Every team has certain patterns they fall into and habits they perpetuate, and, in my experience, those patterns are an extension of the leader's personal patterns. (Tweet this)
If the leader is prone to overcommit to things, the team is prone to be doing too much at once. If the leader is prone to getting caught up in the details of everything while missing the bigger picture, the team is prone to being caught up in the details of everything while missing the bigger picture. This is partially because new leaders often hire people like themselves and partially because the leader unconsciously rewards the pattern by modeling it and favoring people who emulate them.
Team patterns that are extensions of the leader's patterns often don't get examined, discussed, and corrected simply because the leader can rarely see them, and, without team performance management conversations, there's no real avenue for teammates to have any real dialogue about them.
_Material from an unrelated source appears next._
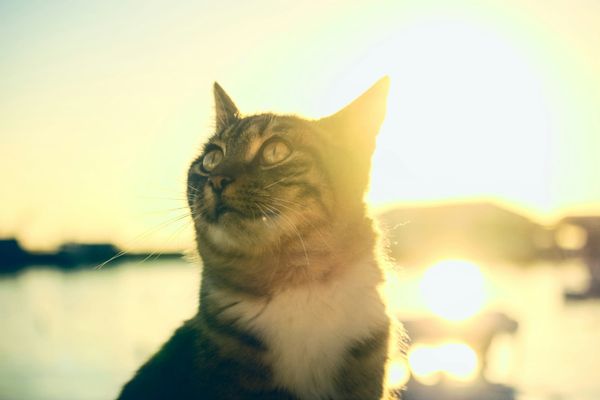 A cat stands tall and looks up into the sky, in the background we see a large water body, hills and the sun shines brightly behind the cat.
If the leader is well-loved and respected by their team, the team covers up and works around the leader’s weaknesses. If the team is intimidated by their leader, they won't speak up about the patterns for fear of backlash and retribution. (One of the biggest value-adds of executive coaches and management consultants is that we can see this in play and address it.)
The most common pattern I've seen is that leaders assume and expect their team to work as hard, consistently, and effectively as they do. It's not just that the founder has founder's mojo, but that everyone should have founder's mojo. Given that lots of founders tend to ride close to the edges of burnout and workaholism, their teams ride close to the edge of burnout and workaholism. Dunkirk spirit can't be the daily fuel of a team.
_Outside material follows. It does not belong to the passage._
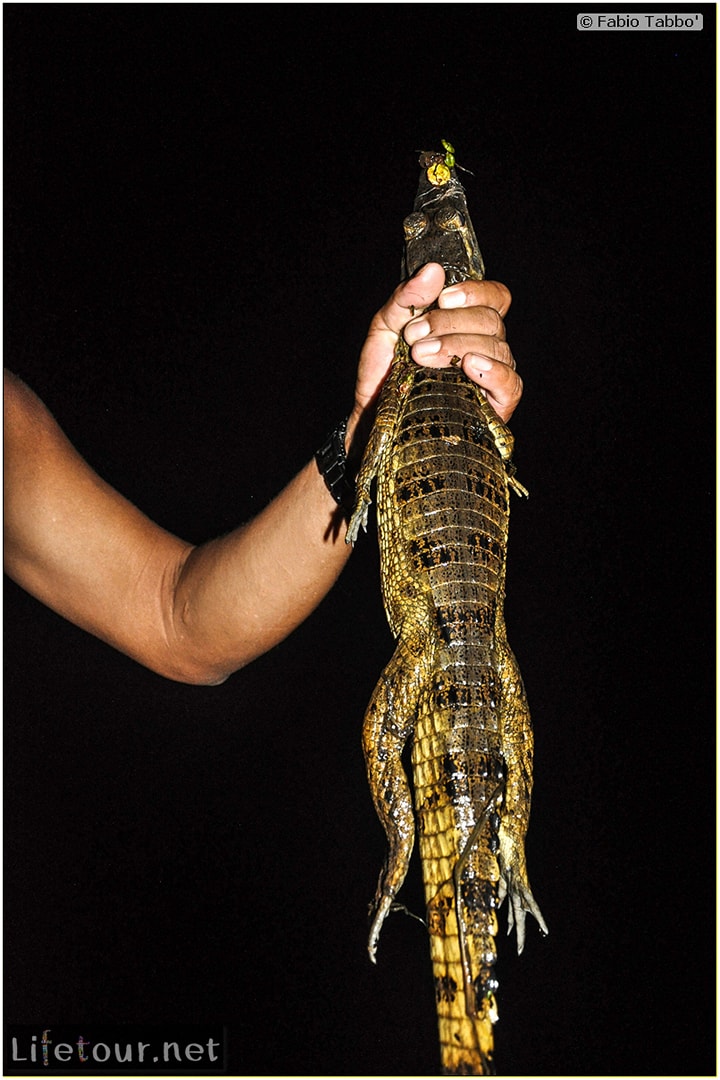Fabio's LifeTour - Brazil (2015 April-June and October) - Manaus - Amazon Jungle - Alligator petting - 9408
Making team performance management a lower priority puts the team in danger of burnout or under-performance due to fatigue. What's even more costly to the team than slowing down and talking about the team and individual’s performance is not slowing down and consequently losing key teammates and paying the cost of recruiting, hiring, training, and integrating new teammates.
The choice leaders thus have is investing in their team's talent and performance as they go OR paying a much steeper bill when the cost of not doing it comes due. There's no free lunch here. The longer it's been since you've had a conversation with a teammate, the harder it is to have that conversation — and the more likely you need to have it as soon as possible. PRODUCTIVE FLOURISHING
Performance Management Needs to Happen for the Good and the Bad (and Everyone in Between)
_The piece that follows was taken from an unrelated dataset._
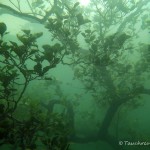 Erle im Wasser, Tauchen im Werbellinsee, Tauchen in Brandenburg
While I've largely talked about team performance management in the context of a team or individual's sub-par performance, what I've seen just as often is that leaders don't have performance management conversations with their teams and individuals that are performing well. The idea seems to be that if everything's working and people are getting praised as they go, there's no need to have conversations dedicated to telling them how good a job they're doing, especially if they're getting pay raises and promotions.
Here are a few things to consider on that front:
While public kudos are always appreciated, most people also really appreciate specific feedback and recognition for the ways they're excelling. The more they respect you as a leader, the more this specific feedback and recognition counts. Also, this is your chance to see how and where your teammate wants to learn and grow; when your best performers stop growing, they start looking for outside growth opportunities.
Your best teammates tend to have responsibility creep, either because they naturally take on more or you give them more because they're able to get it done. So what you think the scope of their job is and what it actually turns out to be often diverge, and they're unlikely to be getting "credit" for everything they're actually doing. You also probably won't see that your star performers are carrying responsibilities of your poor performers — at some point, your star performer will be capped out and frustrated, so you'll be in jeopardy of having a disengaged and demotivated star performer because you didn't address the poor performance of their teammate.
Given (2) and the fact that roles evolve quickly in new teams, without having that performance management conversation you might not see that people are carrying random responsibilities that don't align well and/or do pull against each other. For instance, having a responsibility or two that keeps them in a reactive working mode may keep them from being able to sink into the proactive work that would be their highest and best contribution to the team. (I see this all the time with my clients; less so in my own team.)
So, if your team and individuals are performing well, you need to have regular performance management conversations. And if they're not performing well, you need to have regular performance management conversations.
You won't find the time to do it — you'll have to make time to do it. But, much like planning, you'll end up spending more time by not doing it.